Multi-scale complexity analysis of muscle coactivation during gait in children with cerebral palsy

The objective of this study is to characterize complexity of lower-extremity muscle coactivation and coordination during gait in children with cerebral palsy (CP), children with typical development (TD) and healthy adults, by applying recently developed multivariate multi-scale entropy (MMSE) analysis to surface electromyographic (EMG) signals. Eleven CP children (CP group), eight TD children and seven healthy adults (considered as an entire control group) were asked to walk while surface EMG signals were collected from five thigh muscles and three lower leg muscles on each leg (16 EMG channels in total). The 16-channel surface EMG data, recorded during a series of consecutive gait cycles, were simultaneously processed by multivariate empirical mode decomposition (MEMD), to generate fully aligned data scales for subsequent MMSE analysis. In order to conduct extensive examination of muscle coactivation complexity using the MEMD-enhanced MMSE, 14 data analysis schemes were designed by varying partial muscle combinations and time durations of data segments.
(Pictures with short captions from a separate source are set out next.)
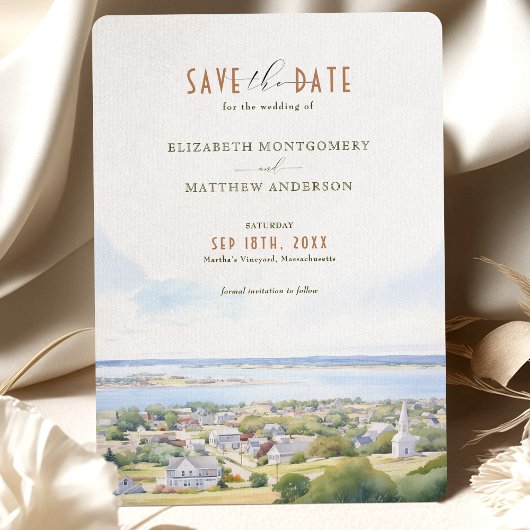 Invitation Sauvez la date Martha's Vineyard, Massachusetts
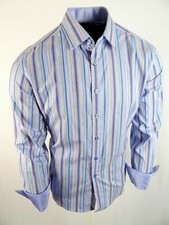 Mens Striped Casual Shirt Blue Colors HOUSE OF LORDS Premium Cotton Slim Fit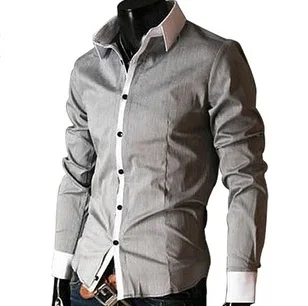 Прямая поставка, camisa masculina, мужская повседневная рубашка с длинным рукавом и принтом, приталенная Мужская рубашка, camisa social masculina - Цвет: Серый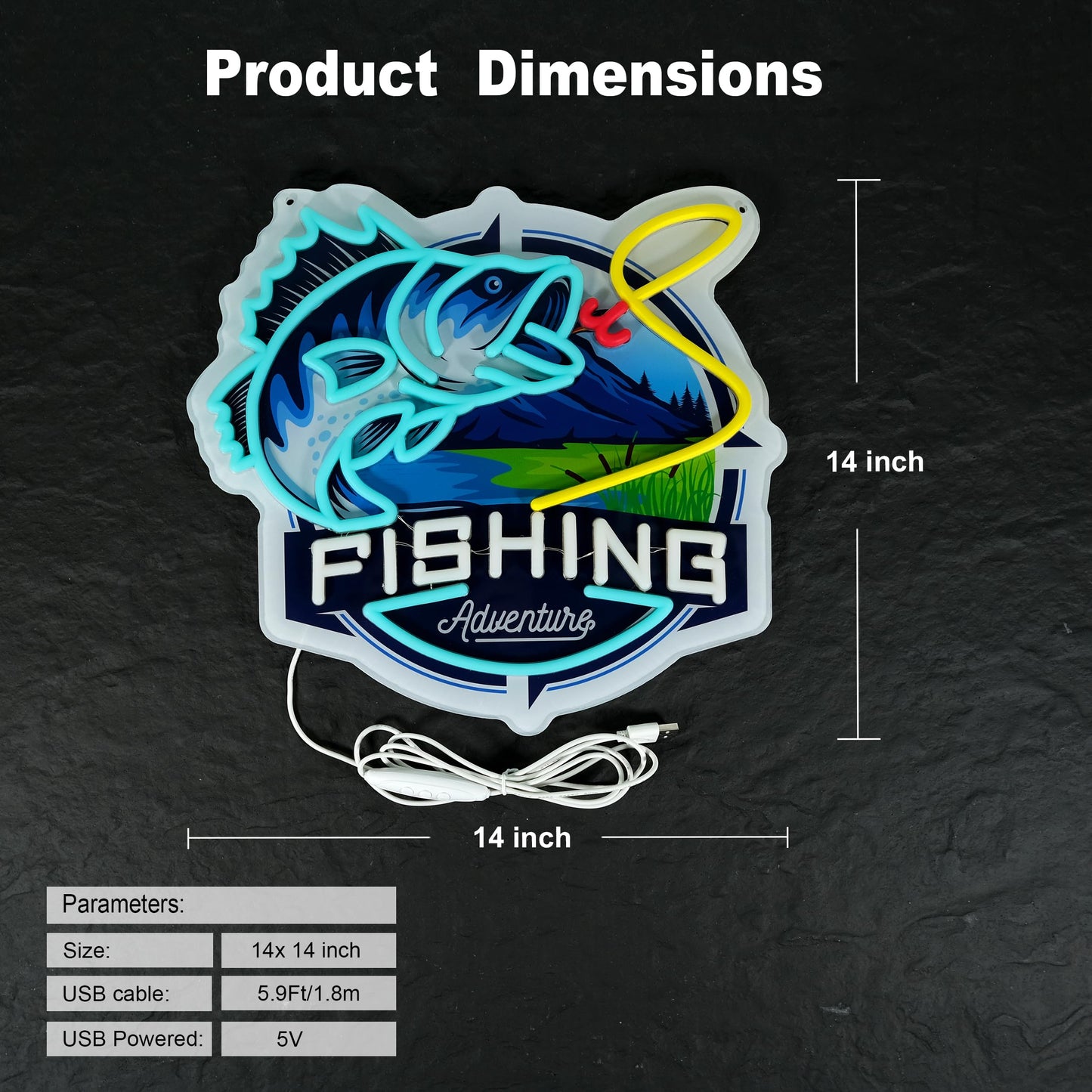LIUISNEO Fishing Neon Sign,Innovative Integral Forming Process,With Dimmable Switch For All Holiday Party and Home Decoration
Both TD children and healthy adults showed almost consistent MMSE curves over multiple scales for all the 14 schemes, without any significant difference (p > 0.09). However, distinct diversity in MMSE curve was observed in the CP group when compared with the control group. There appears to be diverse neuropathological processes in CP that may affect dynamical complexity of muscle coactivation and coordination during gait. The abnormal complexity patterns emerging in the CP group can be attributed to different factors such as motor control impairments, loss of muscle couplings, and spasticity or paralysis in individual muscles. This study expands our knowledge of neuropathology of CP from a novel point of view of muscle co-activation complexity, which might be useful to derive a quantitative index for assessing muscle activation characteristics as well as motor function in CP.